I have some questions regarding whether I need to advocate for my defined contribution plan to offer a low-cost index fund as an investment option.  As it stands, 7.5% of my pre-tax paycheck is automatically diverted to a "general fund" with no avenues for other allocations.

I've tried to find out more information regarding this general fund and am kind of stuck as to how to move forward. Here's what I know:

-The administrator is Mass Mutual.
-The fund has a return of 2.3%.  Have also seen in written documentation that there is 4% return on the fund.  Have asked for clarification which it is.
-I've been told there are no fees on the fund.  I've asked how Mass Mutual recoups their cost for this fund in that case; awaiting reply
-The fund is a "general fund".  Have asked what this means (stocks, bonds, etc.).  Received reply that did not answer question directly.  Asked again; awaiting reply
-I've asked for a prospectus and have been informed via email there is none (how is this possible?).
-I've heard the term "defined benefit plan" batted about in regard to the fund.  However, the County makes no contributions to the fund.  Only employees.  Thus per the Department of Labor, it is more of a defined contribution plan (?)
-I have asked the plan administrator with whom I am communicating via email if she is my fiduciary.  Am awaiting reply.
-I have asked the plan administrator what plans they have to offer investment options other than the general fund.  Have been told that when I become part-time, I will have plenty of options for investment opportunities.

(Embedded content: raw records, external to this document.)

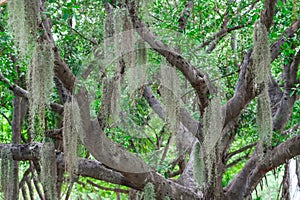 Plant Tillandsia Usneoides in natural Garden on a tropical exotic ficus tree in a humid jungle swamp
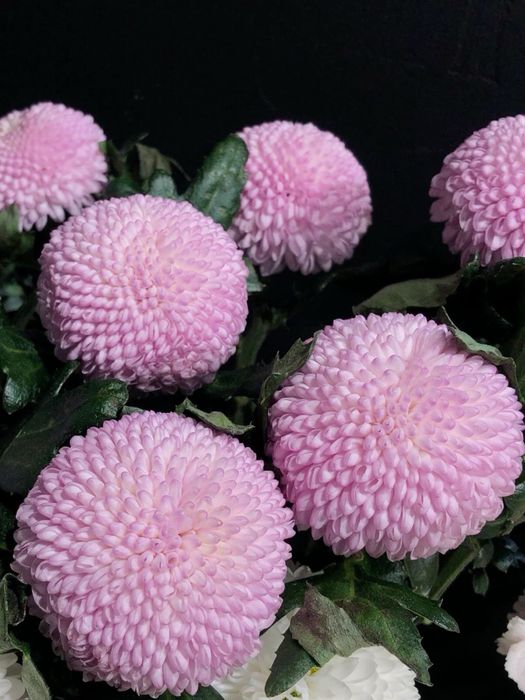 Момоко цветы свежые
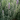 Lavender Dentata French Lavender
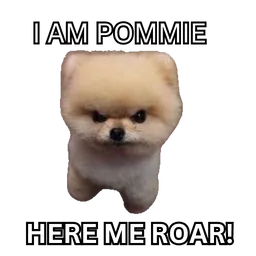 Pommie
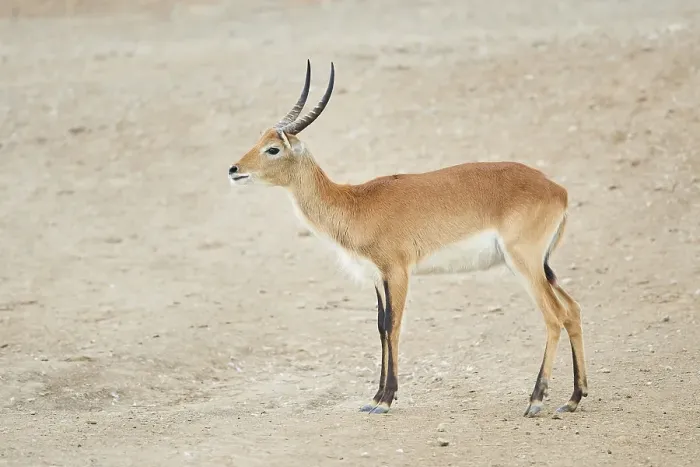 Framed Print : Southern lechwe (Kobus leche) in the dessert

What would be a prudent next step? 

There seems to be the HR person at the County (who sent me outdated information regarding the plan when it was still administered by the Hartford) who is involved, along with the Mass Mutual person.  Everyone is quite polite and prompt over email.  I wish to work at this facility for some time to come. We do not have a union; however, our full-time counterparts have a very strong and active union.  There are no part or full-time positions available that would be an option for me.  I'm trying to gather together more members of the extra help staff to get some answers (strength in numbers, etc).  Plus I hate the idea that if I pursue this on my own that I am "making waves" when really I am chasing down information that should be readily available and is not. 

Thanks in advance for your help!

My apologies, as I'd mistakenly typed defined compensation plan rather than defined contribution. These plans are quite confusing .... Thank you for your input on them!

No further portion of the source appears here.